Déficit : les objectifs du gouvernement sont «improbables»

Ce verdict émane du Haut conseil des finances publiques, instance indépendante liée à la Cour des comptes chargée d’évaluer les projets de budget de Bercy. Le rapport est dévoilé à la veille de la présentation du projet de loi de finances 2017.

Le timing est des plus mauvais pour le gouvernement. L’avis du Haut conseil des finances publiques (HCFP) sur son projet de loi de finances 2017 a été dévoilé ce mardi, à la veille de la présentation officielle du budget. Et le moins que l’on puisse dire, c’est qu’il est négatif. «Le HCFP estime improbables les réductions de déficit prévues par le PLF pour 2017 (de -1,6 point du PIB à -1,1 point pour le solde structurel, de -3,3 points à -2,7 points pour le solde nominal)», peut-on lire. Plus généralement, le HCP qualifie d’«incertain» le retour du déficit sous la barre des 3% promis à Bruxelles.

Mardi dernier, le ministre des Finances, Michel Sapin, avait pourtant réaffirmé sa prévision de déficit public à 2,7% du PIB en 2017 après 3,3% cette année, de même que celle de la croissance qui, selon lui, s’établira à 1,5% en 2016 et 2017. Mais le Haut conseil n’y croit pas. Il évoque notamment des risques sur les dépenses «plus importants» que lors des années précédentes, ainsi que des risques sur les prévisions de recettes liés au fait que Bercy a retenu une prévision de croissance du PIB «un peu élevée en 2016 et optimiste en 2017».

Dérapage des dépenses en vue

Emploi, sécurité, éducation, santé…le gouvernement s’est en effet engagé àdébloquer plusieurs milliards dans les prochains mois ainsi qu’à baisser d’un milliard l’impôt sur les revenus des classes moyennes. Autant de «cadeaux» promis à la veille de l’élection présidentielle qui laissent craindre un dérapage des dépenses publiques. En juin déjà, la Cour des comptes s’alarmait des «nombreuses annonces de nouvelles dépenses publiques, qui ne sont ni financées ni gagées par des économies pérennes». Cette hausse des dépenses devrait d’ailleurs se traduire par une incapacité pour l’État à réduire son déficit budgétaire l’an prochain.
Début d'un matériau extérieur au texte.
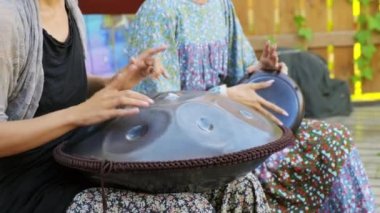 Kızlar perküsyon enstrümanları çalar. Tank davulu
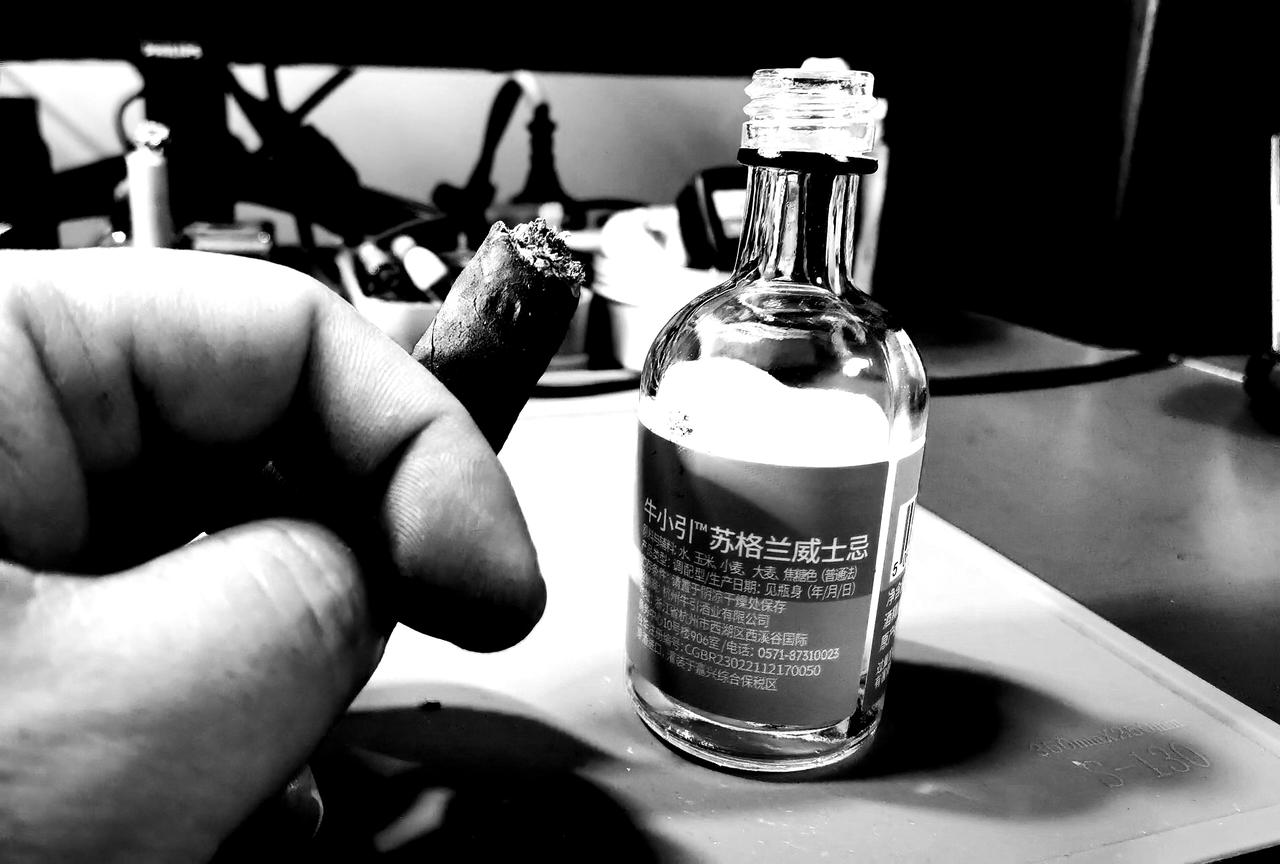 劳心者治人，劳力者治于人，心力俱劳者…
Côté croissance, plusieurs voix se sont également élevées avant celle du Haut conseil pour dénoncer des prévisions trop optimistes. Pour l’OCDE par exemple, la croissance française devrait atteindre 1,3% seulement l’année prochaine tandis que le Fonds monétaire international (FMI) estime qu’elle ne devrait pas dépasser 1,2%.
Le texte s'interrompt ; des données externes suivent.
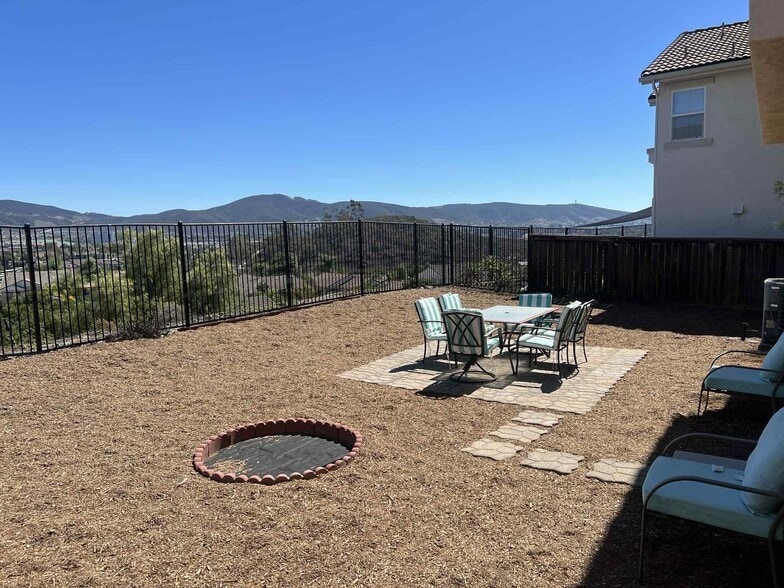 Building Photo - 721 Helmsdale Rd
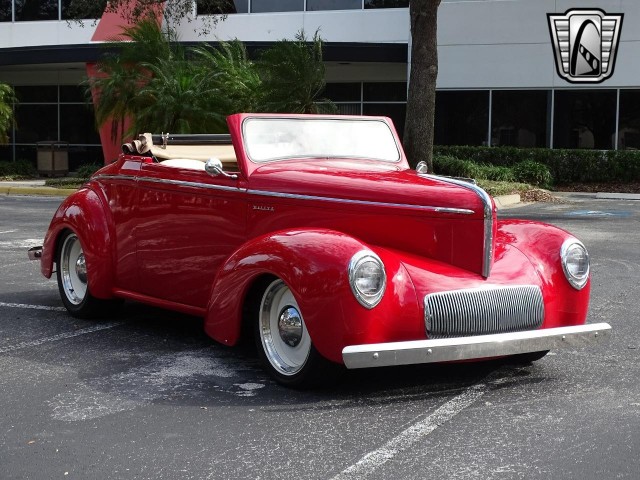 1948 Willys Jeepster. Автопятница №39.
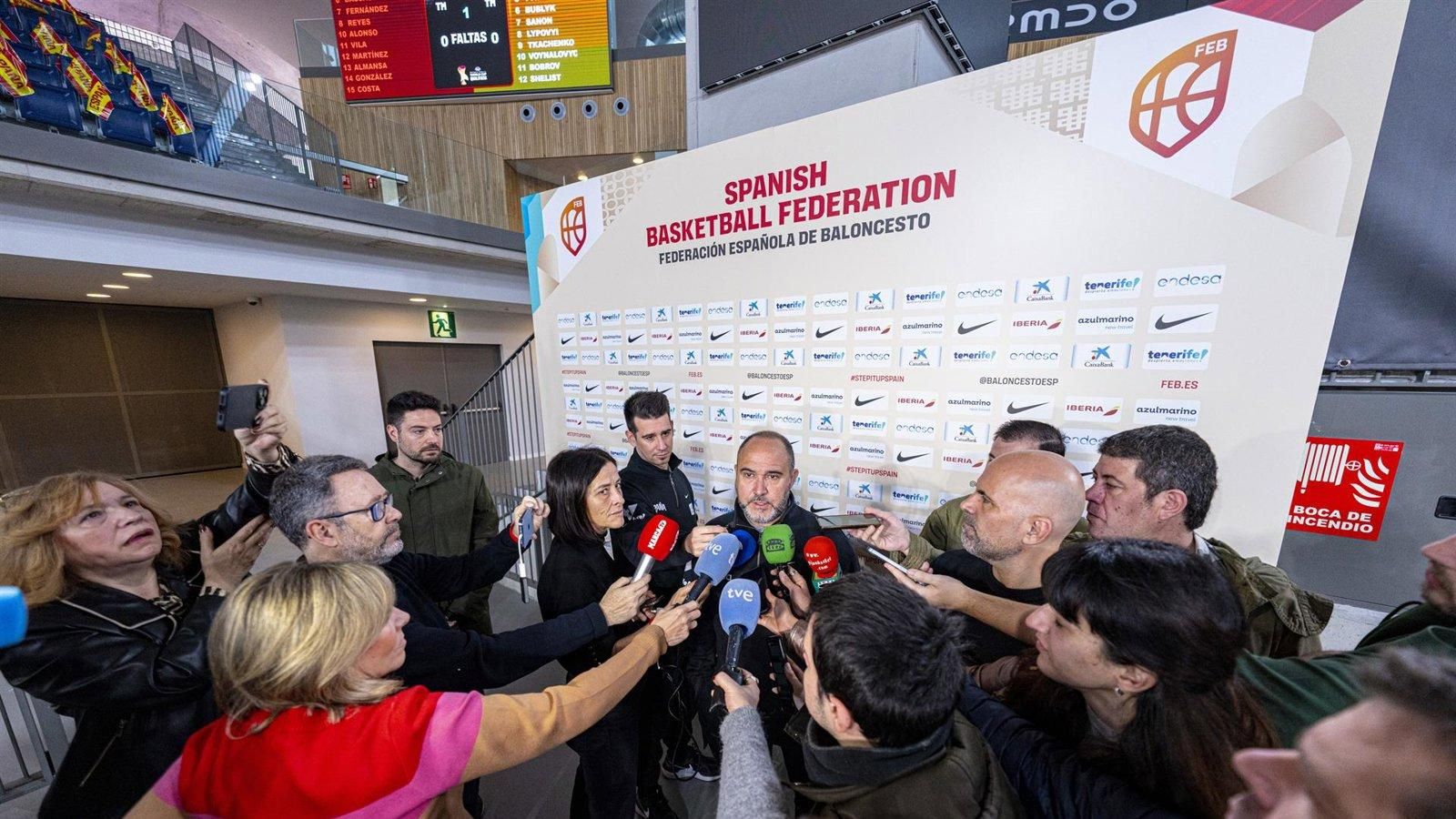 Chus Mateo destaca el espíritu de equipo y pide no confiarse ante Ucrania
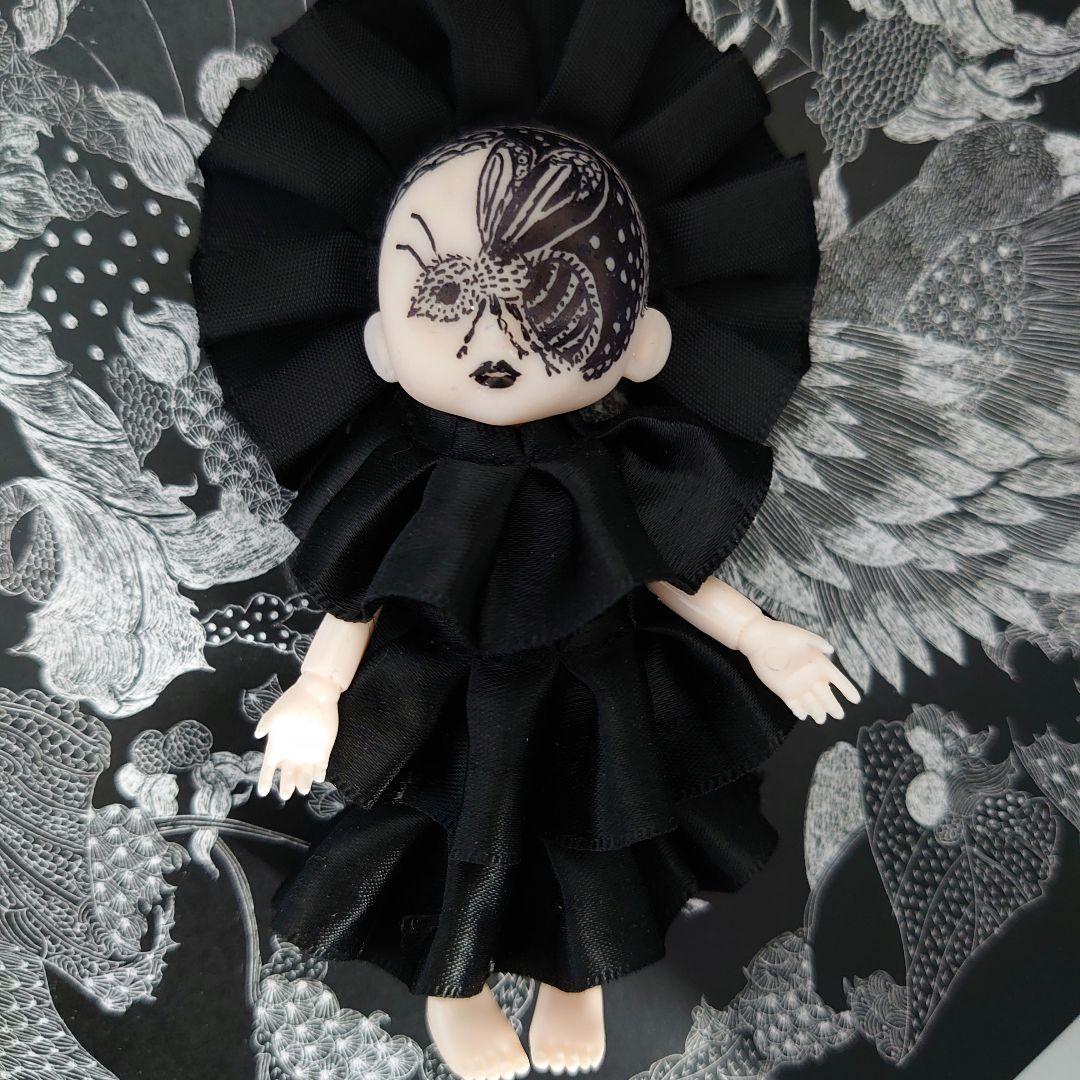 ドールミニヘッド 　蜂（はち）【ヘッド+六角形の箱】※ボディ・背景は付属しません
Créé en décembre 2012, le Haut Conseil des finances publiques, organe indépendant lié à la Cour des comptes, est chargé d’évaluer la sincérité des prévisions élaborées par Bercy. Même si ses avis sont consultatifs, ses conclusions sont jugées assez importantes pour ne pas être ignorées par le gouvernement. Demain, son président, Didier Migaud, réaffirmera sa position devant les membres de la commission des finances de l’Assemblée nationale et du Sénat. Ses auditions devraient être scrutées par la droite qui dénonce déjà un projet de budget irréalisable. «Dire que le déficit sera de 2,7% en 2017, c’est bidon!», s’est ainsi moqué François Fillon.
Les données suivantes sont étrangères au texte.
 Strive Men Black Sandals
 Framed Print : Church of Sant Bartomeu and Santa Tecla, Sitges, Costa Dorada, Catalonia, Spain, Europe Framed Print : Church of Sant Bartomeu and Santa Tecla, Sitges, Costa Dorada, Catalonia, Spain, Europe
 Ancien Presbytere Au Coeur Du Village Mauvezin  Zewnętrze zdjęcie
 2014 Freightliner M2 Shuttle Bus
De son côté, le gouvernement tient bon, rappelant dans les colonnes des Echos ce mardi que le HCFP s’était déjà montré très critique en 2015, ce qui n’avait pas empêché Bercy d’atteindre ses objectifs. Pour 2017, «le risque, c’est que le budget ne soit sérieux qu’en apparence», estime cependant Gilles Carrez, président LR de la commission des Finances de l’Assemblée nationale, qui dit redouter des «artifices comptables» de la part du gouvernement.